-2

I'm trying to make a small scripting language using c# currently doing a block parser im stuck at making regex for block. Blocks can have ∞ times of sub blocks

This is what i need to catch

{ 
    naber(); 
}
{
    int x = 5;
    x = 2;
    if (x == 5) {
        x = 5;
    }
}

I tried this but not working

\{[^{}]*|(\{[^\{\}]\})*\}

This is my first post please have mercy on me

slowcheet4h
  • 9
  • 1
  • 1
  • Why are you using a regex instead of writing an actual parser with something like [Sprache](https://github.com/sprache/Sprache)? – stuartd Jun 02 '20 at 21:53
  • 1
    Unfortunately programming languages (at least the types you're trying to make) aren't regular so you can't parse them with regular expressions. At one point or another you'll hit a wall and have to use or write a real parser. – Guy Incognito Jun 02 '20 at 21:53
  • You can't have one Regex expression for you block.
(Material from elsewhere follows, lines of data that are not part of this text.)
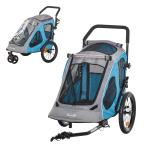 PawHut Cochecito para Perros Carro para Mascotas Plegable 2 en 1 con Manillar Rueda Delantera Giratoria 360° Enganche Retráctil Tela Oxford Carga 30 kg 140x71x105 cm Azul Gris(c-2)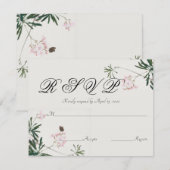 Elegant botanische roze bloesem met vlinder RSVP kaartje (Voorkant / Achterkant)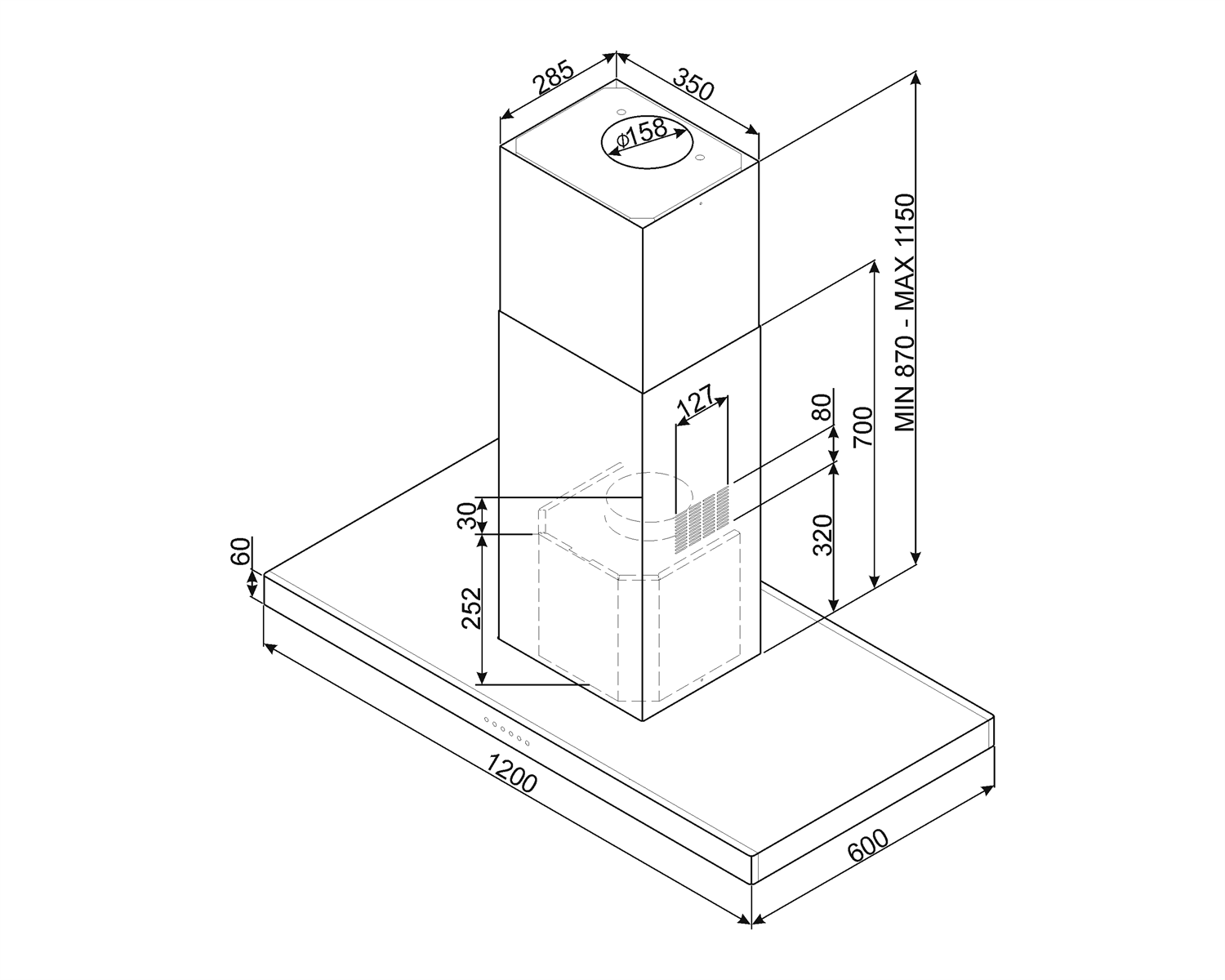 SMEG ERT KI120XE eilanddampkap - 120cm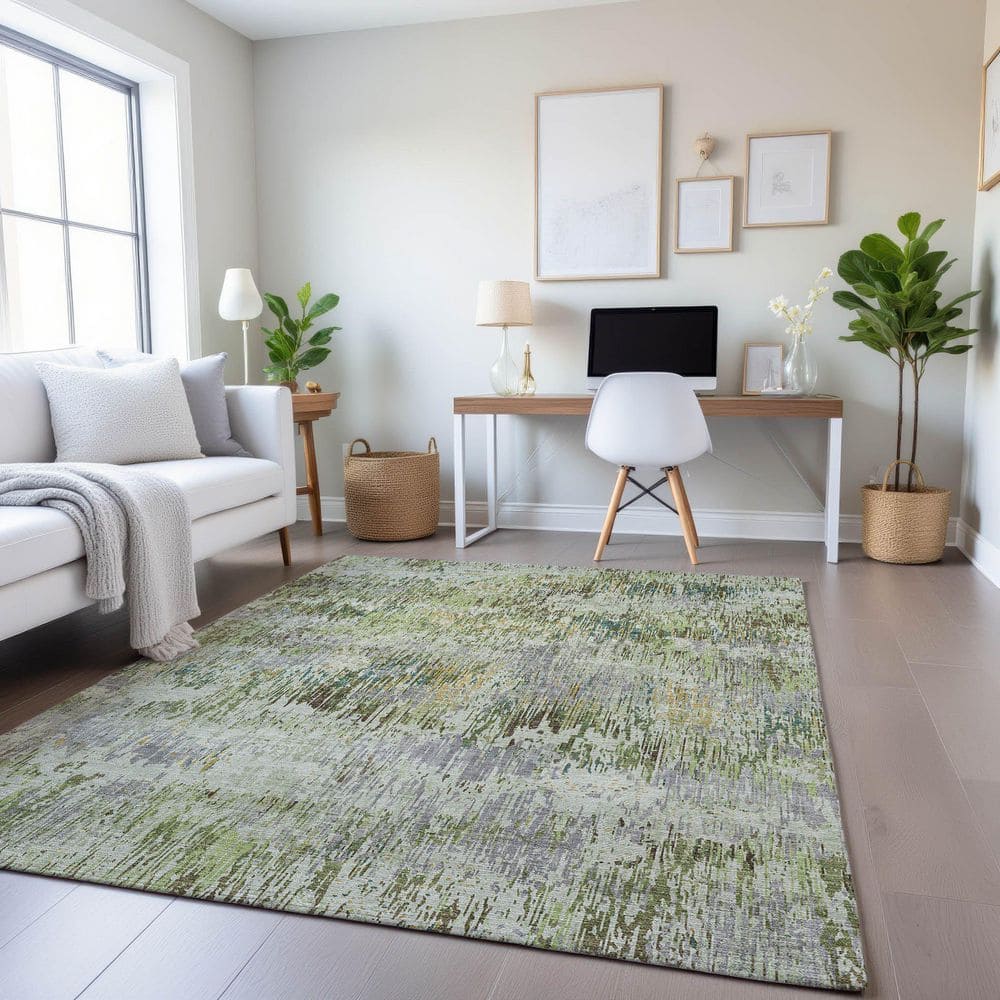 Mayfield Premium Machine Washable Abstract AMF1377 Aloe 8 ft. x 10 ft. Area Rug price history on PriceWatchPro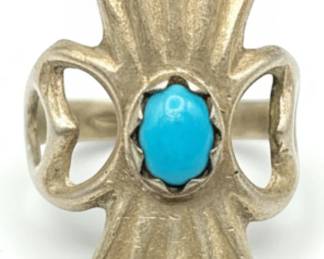 Vintage Navajo Sandcast Turquoise Ring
If you were doing this in Linux I would recommend YACC (Yet Another Compiler Compiler) which uses LEX (similar to REGEX) for expressions. You expressions are 1) "int x = 5" 2) "x = 2" 3) x == 5 4) x = 5 5) If( ) A compiler you have to define your language and your expressions. You can't do both in one structure. – jdweng Jun 02 '20 at 21:56
  • #Guy Incognito : The expressions are regular. The OP is missing the language syntax. – jdweng Jun 02 '20 at 21:57
  • @jdweng "The expressions are regular."? Totally don't get your comment. The Guy's comment seem to be about "regular grammar" vs. "context free grammar" (to my understanding, like https://stackoverflow.com/a/1758162/477420.) Not really sure what your comment mean. – Alexei Levenkov Jun 02 '20 at 22:02
  • The OP want to build a COMPILER. Expressions are only a small part of a compiler. – jdweng Jun 02 '20 at 22:12
  • 2
    Well, if `{(?>[^{}]+|(?){|(?)})*}` solves the issue for your "language", then use it. If the `{` and `}` can appear in any other context than function/method body delimiters, you can't rely on the balanced construct and you will have to write a parser. – Wiktor Stribiżew Jun 02 '20 at 23:33

2 Answers2

2

Regex will not help you for this. If you are designing a scripting language, possibly to be executed, that has blocks and sub-blocks, you need context-free grammar as opposed to regular grammar which can be expressed through regular expressions.

To interpret a context-free language you need the following steps (simplified):

  1. Convert the code string to a list of tokens/symbols. This process is done by a component usually called Lexer.
  2. Convert the tokens into a structured tree (AST - Abstract Syntax Tree) based on grammar rules (things like operator precedence, nested code blocks, etc). This is done by a component usually called Parser.
  3. From here several options arise, either you translate the AST into native code, or intermediate code (like bytecode) or transpile it into another language; Or you can run it directly in memory, the most simple approach and probably what you want/need.

These should already be plenty of concepts to search for, but all of this can be achieved easily with tools like ANTLR. There might be alternatives to ANTLR obviously, I just don’t recall any just now.

rph
  • 1,339
  • 2
  • 8
  • 19
-1

I agree with those saying that regex isn't what you should use parsing code. With that said, it is possible on some reg engines to match characters and get code in a block.

This might work for you {((?>[^{}]+|(?R))*)}. If the regex engine supports recursive pattern then it is possible to do some work parsing code.

More here about it Match balanced curly braces

Per Ghosh
  • 322
  • 3
  • 7